I ricercatori della Eindhoven University of Technology elaborano una teoria per evitare la segregazione del composto delle celle solari in perovskite per mantenerle stabili

Le celle solari in perovskite sono economiche, facili da produrre ed efficienti quasi quanto quelle tradizionali realizzate con il silicio, e come esse sfruttano la luce del sole per generare elettricità; il problema è che nelle celle solari in perovskite la luce solare, con il passare del tempo, può danneggiare la qualità delle celle stesse, fino a limitarne gravemente l’efficienza e la stabilità.

Recentemente un gruppo di ricercatori della Eindhoven University of Technology, in Olanda, ha sviluppato una teoria che spiega perché le celle in perovskite diventano instabili con la luce del sole, pubblicando uno studio sulla rivista scientifica Nature Communications.

Nel settore delle celle solari la perovskite è una valida alternativa al silicio perché è abbondante e facile da riprodurre. Inoltre, nell’ultimo decennio, le performance delle celle solari in perovskite sono migliorate incredibilmente, con un tasso di efficienza che ha superato il 25%, molto vicino ai risultati attuali ottenuti da quelle in silicio.

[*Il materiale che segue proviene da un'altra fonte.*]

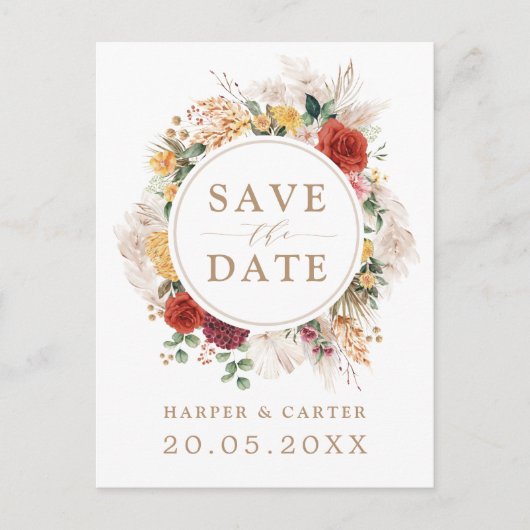 Rustic Boho Pampas Grass Flower Greenery Wedding Aankondigingskaart (Voorkant)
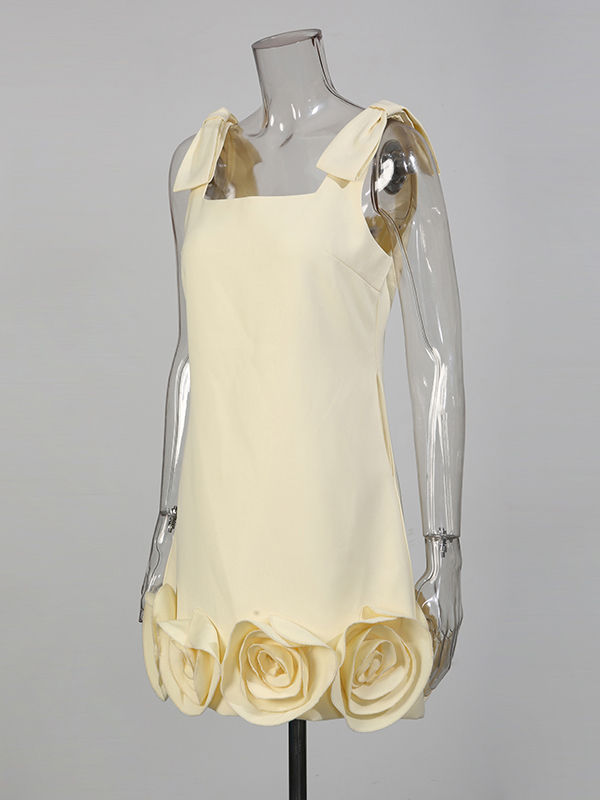TWOTWINSTYLE Solid Chic Spliced Bowknot Flower Mini Dress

I pannelli solari in perovskite solitamente sono fatti da composti alogenuri, che combinano materiali organici come metilammonio o formamidinio con un metallo (di solito piombo o stagno) e alogenuri quali bromuro o ioduro. Questa combinazione funziona particolarmente bene perché permette di generare elettricità nel materiale con una quantità minima di fotoni, ed è particolarmente utile nelle celle solari tandem.

Ma il problema delle celle solari in perovskite è che se da un lato la luce solare gli fornisce l’energia fotonica di cui hanno bisogno, dall’altro gli causa anche instabilità, e questo nel tempo intacca le loro performance. Per comprendere questo fenomeno occorre capire cosa succede a livello atomico quando la luce entra nella cella: un certo quantitativo di luce innesca una reazione in cui sempre più ioduro si accumula nelle regioni ricche di ioduro e il bromuro viene via via espulso, segregando il composto e ostacolando l’efficienza della cella.

La teoria avanzata dai ricercatori rivela possibili soluzioni per il problema dell’instabilità delle celle solari in perovskite. La soluzione più ovvia potrebbe sembrare limitare la luce che arriva alla cella, ma questo inevitabilmente intaccherebbe l’efficienza della cella. Quindi un’opzione migliore potrebbe essere cambiare il quantitativo di bromuro nel composto, per evitare la segregazione. Ma secondo i ricercatori la teoria che hanno elaborato è altamente flessibile, e in futuro potrebbe essere applicata anche ad altri materiali semiconduttori.